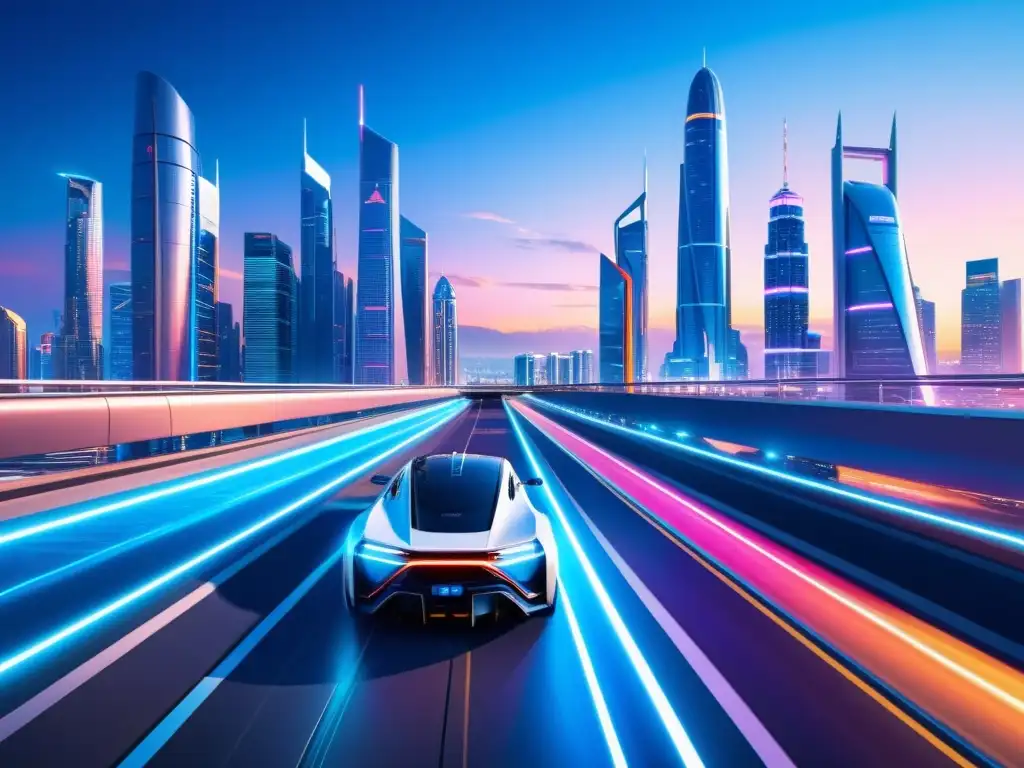 Metrópolis futurista: luces de neón y alta tecnología Vibrante ciudad futurista de tecnologías emergentes 5G, con rascacielos iluminados y bullicio urbano nocturno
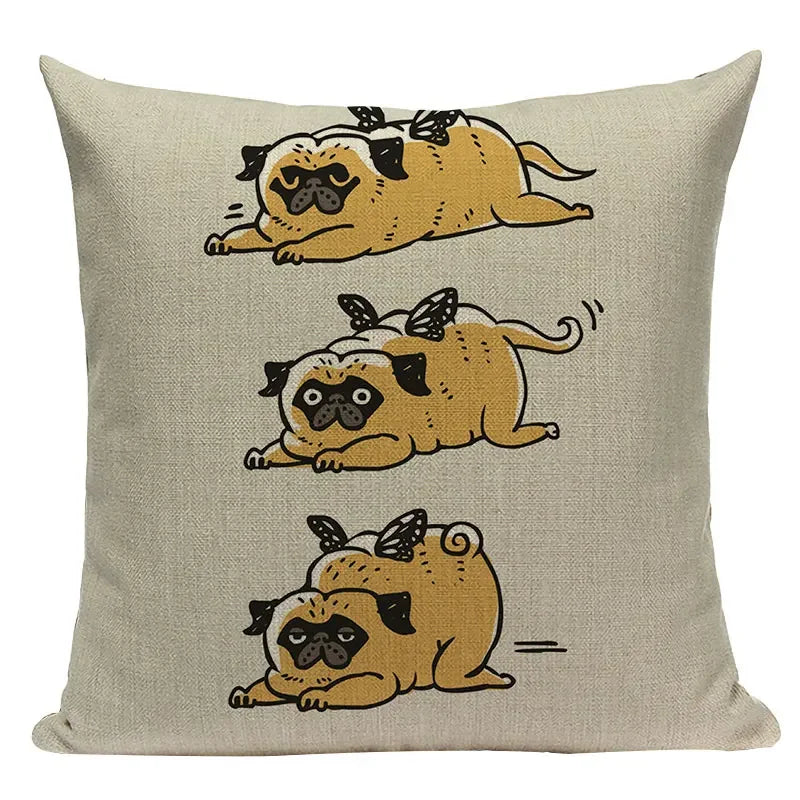 Axyaa Cozy Pug Cat Sloth Starling Fashion Pillow Cover Sofa Decor Case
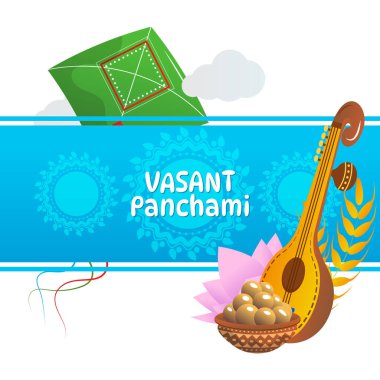Vasant Panchami Saraswati Puja Festivali Vektör İllüstrasyonu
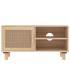 Mueble para TV madera maciza pino y ratán natural 80x30x40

Task item => Reproduce every line of the material above, but drop the pictures.

Task output =>
 Metrópolis futurista: luces de neón y alta tecnología Vibrante ciudad futurista de tecnologías emergentes 5G, con rascacielos iluminados y bullicio urbano nocturno
 Axyaa Cozy Pug Cat Sloth Starling Fashion Pillow Cover Sofa Decor Case
Vasant Panchami Saraswati Puja Festivali Vektör İllüstrasyonu
 Mueble para TV madera maciza pino y ratán natural 80x30x40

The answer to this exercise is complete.